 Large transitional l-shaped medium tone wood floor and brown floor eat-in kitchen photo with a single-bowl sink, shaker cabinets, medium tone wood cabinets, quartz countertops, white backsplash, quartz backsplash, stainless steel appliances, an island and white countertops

◇ ◇ ◇ ◇

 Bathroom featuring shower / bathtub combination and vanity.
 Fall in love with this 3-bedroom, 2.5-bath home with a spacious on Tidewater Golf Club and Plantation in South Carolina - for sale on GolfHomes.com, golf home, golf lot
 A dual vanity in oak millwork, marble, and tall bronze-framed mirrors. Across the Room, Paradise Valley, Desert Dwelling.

◇ ◇ ◇ ◇

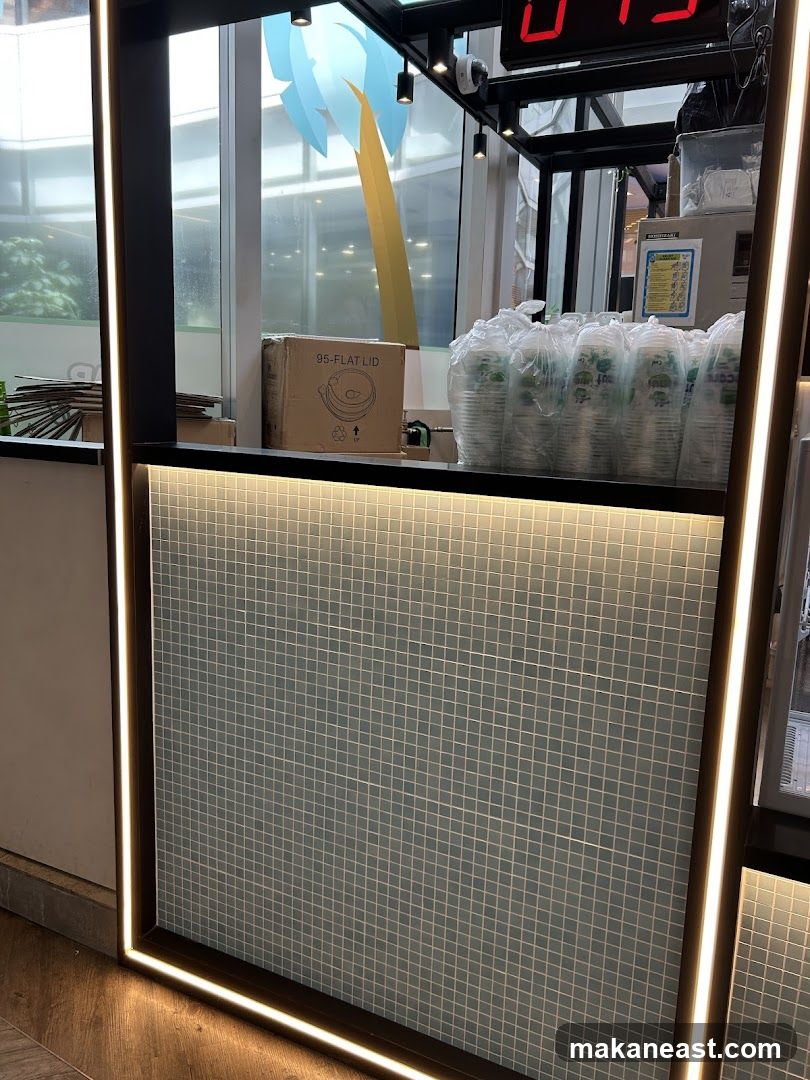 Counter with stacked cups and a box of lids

◇ ◇ ◇ ◇

§ WHAT IS REQUIRED:
Reproducing the whole listing above is not the task. Copy exactly only the lines from the one with "Fall in love" to the one with "A dual vanity", both kept.

§ OUTPUT OF THE TASK:
 Fall in love with this 3-bedroom, 2.5-bath home with a spacious on Tidewater Golf Club and Plantation in South Carolina - for sale on GolfHomes.com, golf home, golf lot
 A dual vanity in oak millwork, marble, and tall bronze-framed mirrors. Across the Room, Paradise Valley, Desert Dwelling.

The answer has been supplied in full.